(Problem to solve): Beneath this task are records; print exactly the stretch of them from the line with "Zebra-Striped Biplane Soars" through the line with "파사드패턴 캐시미어 미니멀 코트 블랙 왼쪽 안감", both ends included.

[Stored data]
╭──

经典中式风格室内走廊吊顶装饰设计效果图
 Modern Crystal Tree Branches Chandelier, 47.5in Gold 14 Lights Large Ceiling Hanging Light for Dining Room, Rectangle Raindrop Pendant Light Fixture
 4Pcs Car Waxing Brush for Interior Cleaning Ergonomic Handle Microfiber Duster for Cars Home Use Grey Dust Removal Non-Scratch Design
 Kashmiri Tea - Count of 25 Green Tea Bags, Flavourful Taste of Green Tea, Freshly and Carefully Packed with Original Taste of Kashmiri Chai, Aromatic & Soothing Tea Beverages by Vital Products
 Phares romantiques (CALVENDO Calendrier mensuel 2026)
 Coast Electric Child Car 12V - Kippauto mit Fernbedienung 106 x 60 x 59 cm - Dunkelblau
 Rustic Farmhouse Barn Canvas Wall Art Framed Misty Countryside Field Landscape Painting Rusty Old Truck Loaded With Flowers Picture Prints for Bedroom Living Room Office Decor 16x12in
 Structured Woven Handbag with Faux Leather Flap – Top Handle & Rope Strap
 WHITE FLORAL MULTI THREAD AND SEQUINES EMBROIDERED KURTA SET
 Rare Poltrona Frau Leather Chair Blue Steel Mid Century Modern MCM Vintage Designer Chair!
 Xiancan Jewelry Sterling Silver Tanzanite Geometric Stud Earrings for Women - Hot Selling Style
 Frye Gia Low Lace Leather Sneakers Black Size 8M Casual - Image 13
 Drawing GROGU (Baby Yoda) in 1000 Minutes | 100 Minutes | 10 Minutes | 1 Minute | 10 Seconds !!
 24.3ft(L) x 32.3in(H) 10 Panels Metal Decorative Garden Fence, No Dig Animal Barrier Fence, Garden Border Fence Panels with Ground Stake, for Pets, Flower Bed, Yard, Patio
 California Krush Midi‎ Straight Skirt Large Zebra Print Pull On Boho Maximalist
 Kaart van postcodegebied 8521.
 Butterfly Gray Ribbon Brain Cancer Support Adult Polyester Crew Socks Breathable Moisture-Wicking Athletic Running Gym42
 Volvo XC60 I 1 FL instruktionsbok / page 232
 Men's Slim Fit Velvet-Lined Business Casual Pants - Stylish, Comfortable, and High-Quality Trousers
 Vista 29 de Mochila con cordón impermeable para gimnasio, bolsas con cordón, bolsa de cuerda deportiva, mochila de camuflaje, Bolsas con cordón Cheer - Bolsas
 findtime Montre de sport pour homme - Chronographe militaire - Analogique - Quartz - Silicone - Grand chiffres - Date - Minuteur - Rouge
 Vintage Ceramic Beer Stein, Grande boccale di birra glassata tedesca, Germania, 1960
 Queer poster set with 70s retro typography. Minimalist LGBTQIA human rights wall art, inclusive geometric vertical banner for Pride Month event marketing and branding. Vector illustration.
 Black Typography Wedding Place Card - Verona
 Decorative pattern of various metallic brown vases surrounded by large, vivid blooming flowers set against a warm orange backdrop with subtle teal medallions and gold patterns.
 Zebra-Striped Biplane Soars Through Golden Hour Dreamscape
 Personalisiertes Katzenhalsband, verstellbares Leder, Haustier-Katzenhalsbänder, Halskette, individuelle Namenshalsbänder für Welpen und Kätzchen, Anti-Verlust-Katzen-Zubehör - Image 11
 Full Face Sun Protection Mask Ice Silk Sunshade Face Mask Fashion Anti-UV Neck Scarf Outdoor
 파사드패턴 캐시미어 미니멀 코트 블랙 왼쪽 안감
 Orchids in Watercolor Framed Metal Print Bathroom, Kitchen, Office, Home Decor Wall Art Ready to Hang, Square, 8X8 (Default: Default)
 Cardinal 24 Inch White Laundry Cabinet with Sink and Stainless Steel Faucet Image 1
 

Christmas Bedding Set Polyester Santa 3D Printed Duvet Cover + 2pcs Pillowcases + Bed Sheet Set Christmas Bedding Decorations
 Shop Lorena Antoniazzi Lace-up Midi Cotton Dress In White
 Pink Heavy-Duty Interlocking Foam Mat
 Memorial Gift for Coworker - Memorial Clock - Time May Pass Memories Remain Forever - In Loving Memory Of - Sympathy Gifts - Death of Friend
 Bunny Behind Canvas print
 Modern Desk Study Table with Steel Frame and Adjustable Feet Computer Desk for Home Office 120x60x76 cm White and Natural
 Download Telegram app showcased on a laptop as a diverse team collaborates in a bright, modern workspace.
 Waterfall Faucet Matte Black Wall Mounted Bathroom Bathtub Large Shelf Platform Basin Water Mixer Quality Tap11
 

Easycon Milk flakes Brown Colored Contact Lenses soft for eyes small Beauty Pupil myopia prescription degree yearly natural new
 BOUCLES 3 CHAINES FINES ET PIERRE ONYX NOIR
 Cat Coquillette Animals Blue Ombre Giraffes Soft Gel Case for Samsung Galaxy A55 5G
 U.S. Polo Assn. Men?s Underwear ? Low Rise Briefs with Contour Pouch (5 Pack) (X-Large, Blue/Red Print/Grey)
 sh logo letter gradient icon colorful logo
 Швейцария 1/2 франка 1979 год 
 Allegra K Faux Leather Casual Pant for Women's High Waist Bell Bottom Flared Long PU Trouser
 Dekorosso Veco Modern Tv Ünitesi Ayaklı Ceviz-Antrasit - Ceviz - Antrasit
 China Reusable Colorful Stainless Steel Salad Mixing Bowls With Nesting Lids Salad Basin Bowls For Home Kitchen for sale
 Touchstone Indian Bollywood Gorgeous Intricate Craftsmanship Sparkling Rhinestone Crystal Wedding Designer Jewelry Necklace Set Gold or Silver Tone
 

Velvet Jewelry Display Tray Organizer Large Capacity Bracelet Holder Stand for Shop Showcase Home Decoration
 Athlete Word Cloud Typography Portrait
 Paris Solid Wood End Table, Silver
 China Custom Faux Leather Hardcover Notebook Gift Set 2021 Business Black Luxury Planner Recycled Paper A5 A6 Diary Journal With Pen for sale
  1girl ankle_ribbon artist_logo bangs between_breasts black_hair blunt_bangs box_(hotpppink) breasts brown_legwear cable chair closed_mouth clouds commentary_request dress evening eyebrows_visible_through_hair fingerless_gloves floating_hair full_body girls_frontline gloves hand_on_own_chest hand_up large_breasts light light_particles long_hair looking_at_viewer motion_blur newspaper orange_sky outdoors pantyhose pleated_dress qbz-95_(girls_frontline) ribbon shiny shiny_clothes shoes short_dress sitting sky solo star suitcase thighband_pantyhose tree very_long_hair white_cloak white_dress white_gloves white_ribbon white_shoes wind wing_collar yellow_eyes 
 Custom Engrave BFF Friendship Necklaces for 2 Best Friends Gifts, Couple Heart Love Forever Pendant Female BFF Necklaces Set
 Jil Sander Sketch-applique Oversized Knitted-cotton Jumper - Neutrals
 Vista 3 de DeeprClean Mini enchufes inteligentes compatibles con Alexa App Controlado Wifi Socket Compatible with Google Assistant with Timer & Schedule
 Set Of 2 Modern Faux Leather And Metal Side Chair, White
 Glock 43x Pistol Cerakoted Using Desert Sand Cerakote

╰──

(Written answer):
 Zebra-Striped Biplane Soars Through Golden Hour Dreamscape
 Personalisiertes Katzenhalsband, verstellbares Leder, Haustier-Katzenhalsbänder, Halskette, individuelle Namenshalsbänder für Welpen und Kätzchen, Anti-Verlust-Katzen-Zubehör - Image 11
 Full Face Sun Protection Mask Ice Silk Sunshade Face Mask Fashion Anti-UV Neck Scarf Outdoor
 파사드패턴 캐시미어 미니멀 코트 블랙 왼쪽 안감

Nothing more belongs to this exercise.